有一對聯語說得好:
「天下無不是的父母,無父母時方知;世間最難得者弟兄,有弟兄時不覺。」人倫肇始於父母,其次乃有兄弟師長,所以「孝悌」二者,斯為倫理教育的基礎。所謂基,是造屋的地基。要先奠定地基,房子才能夠搭蓋起來;礎,是屋柱的磐石,若不立穩磐石,房子就容易傾斜崩壞。但孝悌二者,卻又不是那麼狹義,只顧自己的父母兄弟而已。我們還要把「孝」擴充到伯叔諸舅,甚至一切長輩上;把「悌」也擴充到堂表兄弟姐妹,甚至一切同輩、晚輩上。換句話說,也就是擴充到一切人
、一切有情生物上;這就是佛家「無緣大慈,同體大悲」精神的極至。以下我們會陸續講到如何講信修睦、待人接物;現在我們再回頭來談基本性的「孝悌」,做個結束。
人倫關係如蜘蛛織網,由內而外,循序漸進,而層次分明。居中織網的蜘蛛是「仁」,其放射網所及之處都是「義」,所經之徑就是「禮」。因此伯叔諸舅和堂表兄弟姐妹,就是在孝悌自己父母兄弟姐妹後,須要孝悌的對象;這是仁愛的第二層發揮,也是合理合宜的。

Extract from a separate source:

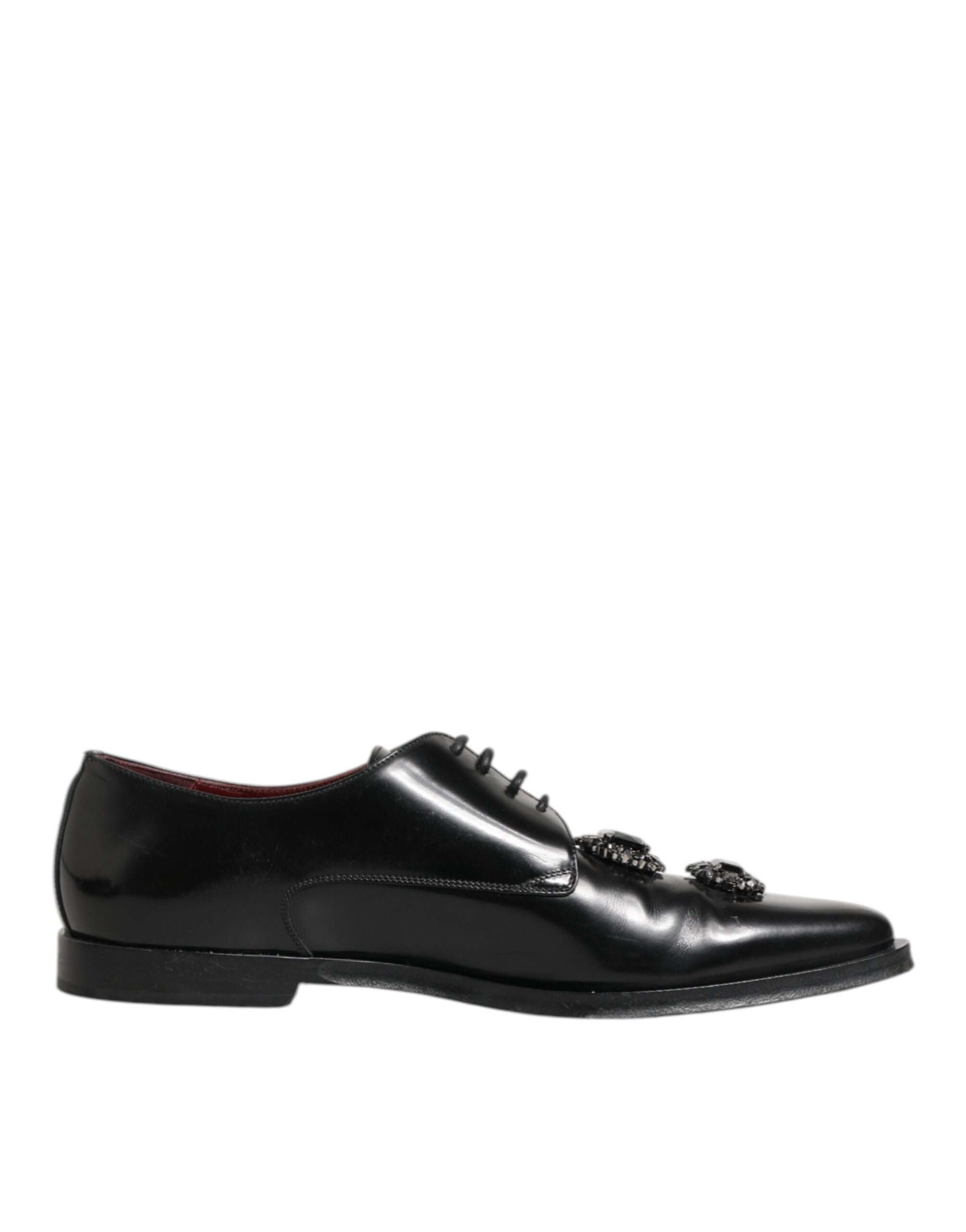 Black Leather Jeweled Crystals Derby Shoes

我們敬愛父母兄弟姐妹,父母也敬愛他們的兄弟姐妹;父母慈愛我們,伯叔諸舅當然也慈愛他們的子女。因此敬愛堂表兄弟姐妹,也就是善體伯叔諸舅之心,也就是孝順伯叔諸舅;而孝順伯叔諸舅,就是善體親心,更是孝順父母了。古人說「伯叔如親父」、「見舅如見娘」,都是這個意思。

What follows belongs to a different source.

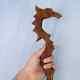 Sea Horse Carved Wood Canes Exquisite Wood working Handle Walking Stick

秦穆公和晉文公是中國春秋五霸中的兩位霸主,秦穆公的夫人還是晉文公的長姐。晉文公早年為逃避繼母驪姬的迫害,流亡各國;到秦國時,秦穆夫人已經去世,秦穆公的世子真有「見舅如見娘」之感。晉文公臨別時,秦穆公世子依依難捨,充分流露著孺慕之情。詩經裏那首「渭陽」,就是秦康公在即位後,思念舅舅晉文公的作品。可見古人的性情,確是比較淳厚,我們怎能不快快恢復固有道德呢?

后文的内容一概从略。